**Data for review:**
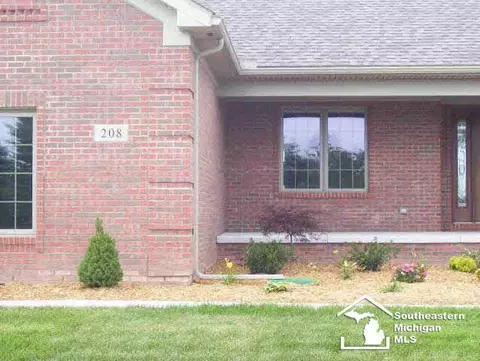 208 Pinnacle, Monroe, MI 48162 photo 24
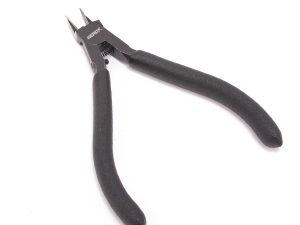 Aerox Side Cutters - Slim Double Edge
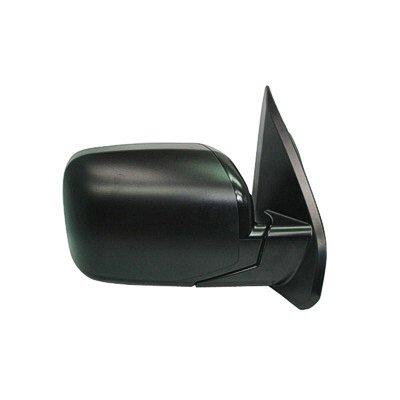 2009-2015 Honda Pilot Side View Mirror Painted (Touring Models)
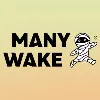 MANY WAKE®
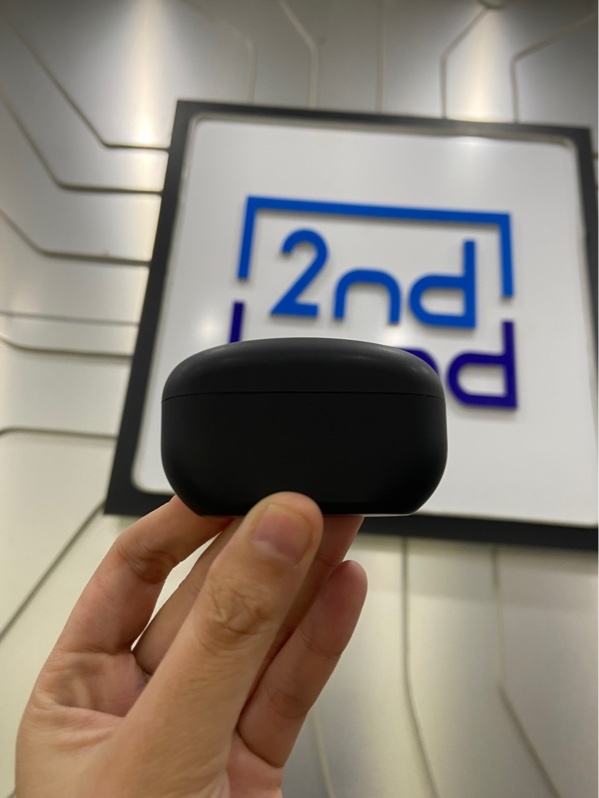 Tai nghe Sony WF-1000XM5 - Màu đen - Ngoại hình: 97% - FullBox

**Your assignment:**
Reproduce exactly and only the lines from the "2009-2015 Honda Pilot" line to the last line of the records above. Do not carry over any pictures.

**Solution for this problem:**
 2009-2015 Honda Pilot Side View Mirror Painted (Touring Models)
 MANY WAKE®
 Tai nghe Sony WF-1000XM5 - Màu đen - Ngoại hình: 97% - FullBox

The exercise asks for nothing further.